What is already in place?
Even before any no-deal Brexit, medicines shortages sometimes happen. For instance, batches of medicines may fail their quality control meaning that production has to be re-run; there may be shortages of specific chemicals used to produce drugs; factories may be closed down by safety concerns or industrial action, or transport and logistics issues may make it difficult to transport medicines.
Generic, or off-patent, drugs can be shielded from some of these influences as multiple manufacturers can produce them, however, shortages of generic drugs still occur.
A number of systems are already in place to deal with medicines shortages:
- DHSC Medicines Shortages Team
There is a team at the Department of Health and Social Care that is responsible for dealing with medicines shortages. It works with the manufacturer(s) to understand the cause of any shortages, what might help, and when the problem should be resolved. Prostate Cancer UK has spoken to this team about their plans and will work with them in the event of any medicines shortages post-Brexit.

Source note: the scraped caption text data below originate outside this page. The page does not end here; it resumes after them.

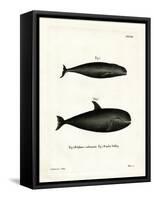 Pilot Whale-null-Framed Stretched Canvas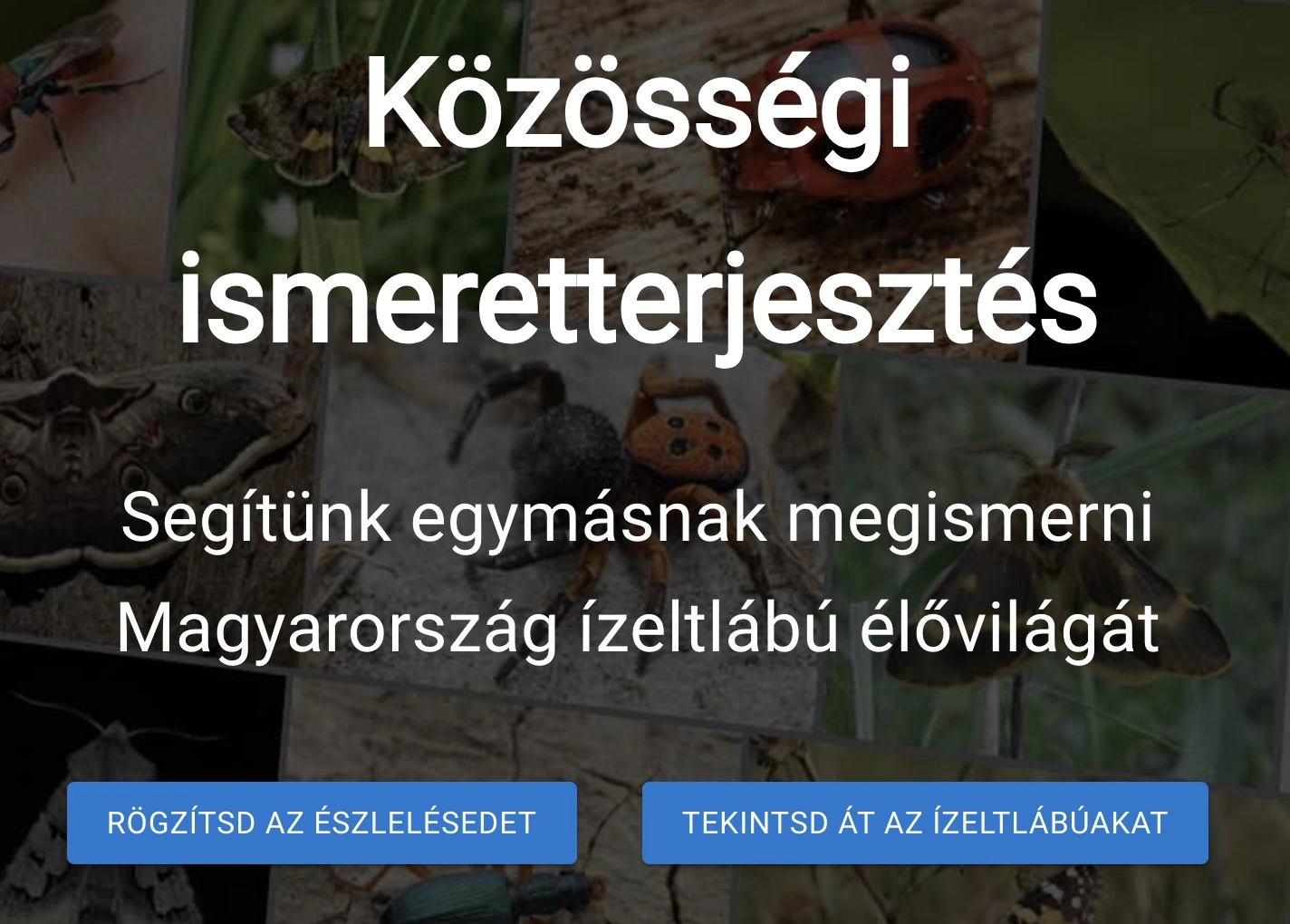 a nyitóoldal 'Rögzítsd az észlelésedet' gombja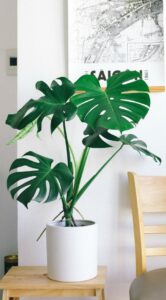 A monstera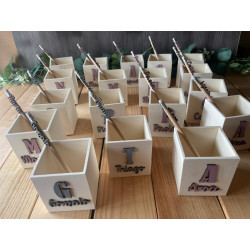 Set lapicero y lápiz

- The PSNC Concessionary Prices Scheme
The UK has a system to stop price fluctuations from impacting patients’ access to these treatments, called the concessionary prices scheme. This system is designed as a short-term measure until prices return to normal.
- Serious Shortages Protocol
The Government has brought forward legislation to create a serious shortages protocol. This would allow pharmacists to prescribe different treatments in the event of medicines shortages. Alternative treatments would be recommended by clinical experts and explained to pharmacists. This protocol is unlikely to be used unless there are serious and sustained shortages of treatment, along with an alternative treatment that can safely and easily act as a substitute. We would recommend men speak to their doctor about any changes in treatment.